デジタルエンタテイメント断片情報誌

デジタルな話題もそうでない話題も疎らに投稿

知らない街を歩いてみたいか

歩いてみたいからといって、すぐ行けるとは限らない。そして遠くとも限らない。どうぞ、と勧められて是非是非と言いたくなる場所とも限らない⋯。

今回の話題は旅行の話、観光の話から切り出したい。

普段から海外在住・旅行ブログを読むのは好きだ。ただ今回は、ちょっと経緯から話して、前置きをしてから入っておきたい。そういう発信方法が可能で、そのための時間も取れるSNSでだからこそ、である。書き手と読み手の認識、理解のズレ、これには注意を払っておかなければ。

なんだか物々しすぎか。


かつて日本テレビ系列で放送されていた『ブラックワイドショー』という深夜番組があった。これが通常のニュースはもちろん、ワイドショーでも扱わないB級ニュース、ゴシップ記事を「面白おかしく」紹介する番組だった。出演者も個性際立った、当時にしては、ものによっては今見ても攻めた番組だった。

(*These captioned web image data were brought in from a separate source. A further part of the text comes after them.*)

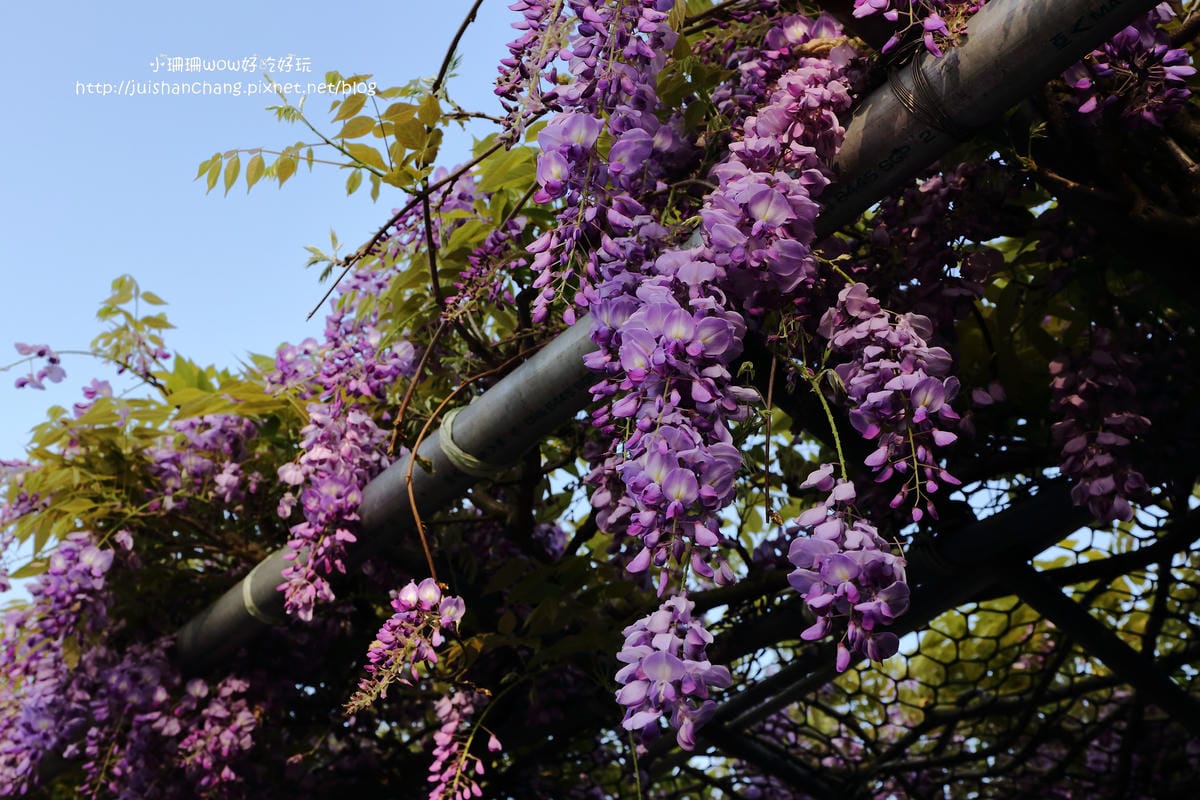 【遊。陽明山】東方寺～「櫻」姿煥發！吉野櫻、紫藤花盛開中，把握最後賞櫻時機！（105.4.7花況）　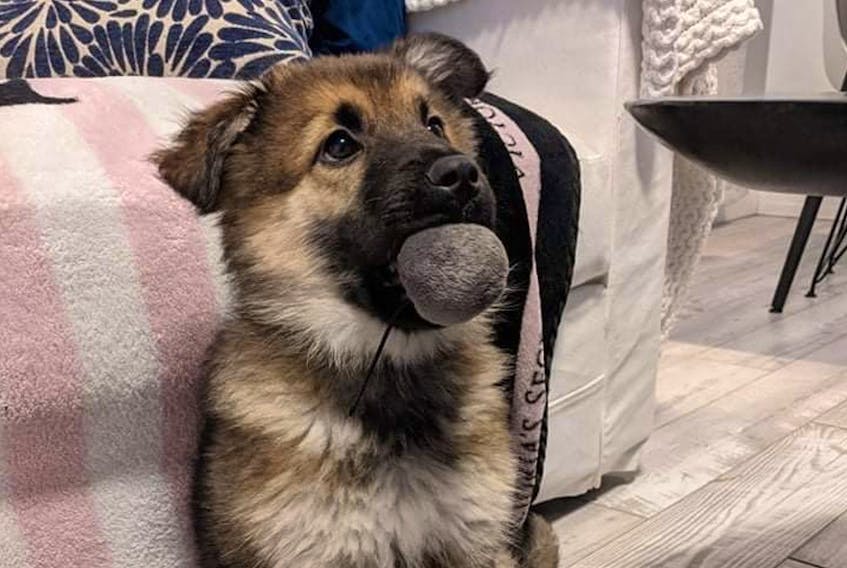 Many of the dogs rescued from northern Manitoba communities and brought to Newfoundland and Labrador are eventually adopted by the foster homes they are placed in.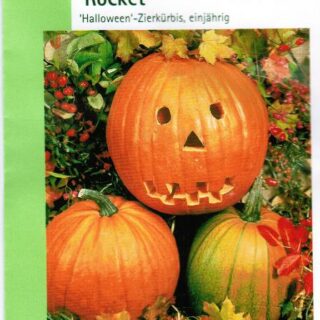 Koristekurpitsa Rocket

その中で異彩を放っていたのが、北朝鮮の話題である。律動体操の紹介やマスゲームの映像も衝撃を与えたが、山梨学院大学の宮塚教授(当時)が登場する北朝鮮”グッズ”紹介に惹かれた。収集物は日本でも身近な日用品が中心だが、一筋縄ではいかない絶妙なチョイスだった。そこから推理される北朝鮮の日常生活は、番組の趣旨にとどまらない卓見だったと思う。

このコーナーの雰囲気は今でもDVDで伝わる。ちなみにこのDVDは再生後のメニューも何もない。本放送時の垂れ流し感が良く出ている。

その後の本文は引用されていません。